Однако сторонники новой живописи не особенно сожалели об этом, не видели большой беды в том, что новые иконы отличались от старых. На них, мол, изображены те же святые лица, достойные почитания. А что касается новой живописной манеры, то ведь и в древних иконах она отнюдь не везде одинакова. Всмотрись в них, призывали новаторы традиционалиста, «не увидишь ли и здесь какого-нибудь в красках либо в начертании лиц и в соразмерности членов различия»173. Новое художественное мышление неумолимо завоевывало всё новых и новых приверженцев, несмотря на еще достаточно сильную оппозицию традиционалистов.

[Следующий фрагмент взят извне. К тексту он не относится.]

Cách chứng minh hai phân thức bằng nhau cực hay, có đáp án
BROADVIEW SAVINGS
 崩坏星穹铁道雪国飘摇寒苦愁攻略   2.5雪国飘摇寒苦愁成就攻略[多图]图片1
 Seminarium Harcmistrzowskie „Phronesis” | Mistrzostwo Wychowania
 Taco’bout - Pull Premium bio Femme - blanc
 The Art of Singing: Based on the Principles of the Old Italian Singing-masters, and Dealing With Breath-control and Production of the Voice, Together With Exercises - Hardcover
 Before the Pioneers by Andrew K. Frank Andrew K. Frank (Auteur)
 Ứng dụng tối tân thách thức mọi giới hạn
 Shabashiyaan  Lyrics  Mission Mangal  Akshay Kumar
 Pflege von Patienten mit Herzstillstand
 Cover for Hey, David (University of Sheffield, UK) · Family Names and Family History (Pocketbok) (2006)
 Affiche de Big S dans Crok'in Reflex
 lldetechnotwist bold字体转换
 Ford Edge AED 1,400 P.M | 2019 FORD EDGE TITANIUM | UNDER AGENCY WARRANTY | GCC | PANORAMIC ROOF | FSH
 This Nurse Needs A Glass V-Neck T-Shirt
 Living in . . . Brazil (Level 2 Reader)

Итак, к концу XVII в. в сфере иконописной практики фактически сформировались новые, не средневековые принципы художественного мышления и новые эстетические идеалы. Искусство и теория искусства еще формально не вышли полностью из-под влияния Церкви, но этот процесс уже активно развивался и привел на рубеже XVII-XVIII вв. к появлению мирского (нецерковного) искусства на государственном уровне.

С другой стороны, существенно изменились эстетические идеалы и в самой православно-церковной культуре. Завершился длительный и, пожалуй, главный и высший период ее развития – средневековый, отмеченный полным господством Церкви во всех сферах культуры. Новое время, а в России и государственные реформы Петра I существенно убавили влияние церковной идеологии и религиозного сознания на многие сферы культуры. Развивающееся мирское эстетическое сознание активно влияло и на православную культуру в целом, и на церковное искусство, в частности.

В результате в XVIII и XIX вв. официальная Церковь практически полностью отказалась от средневекового типа культового искусства, считая его устаревшим, не отвечающим духу православия. Древние иконы заменялись новыми, написанными в духе западноевропейской живописи – «живоподобными». Такая же участь постигла и старые настенные росписи. Они повсеместно сбивались со стен или покрывались штукатуркой и записывались новой живописью, отвечавшей изменившимся эстетическим вкусам «европеизированных» россиян эпохи Петра. Древняя иконопись сохранялась по окраинам империи да среди староверов. С середины XIX в. возрождается интерес к средневековым иконам, но уже не как к живым носителям православного духа, а как к предметам старины, к объектам археологической науки. Только к началу XX в. в России начали осознавать высокую художественно-эстетическую ценность древнерусской иконы, ею стали интересоваться коллекционеры и музеи как произведением искусства.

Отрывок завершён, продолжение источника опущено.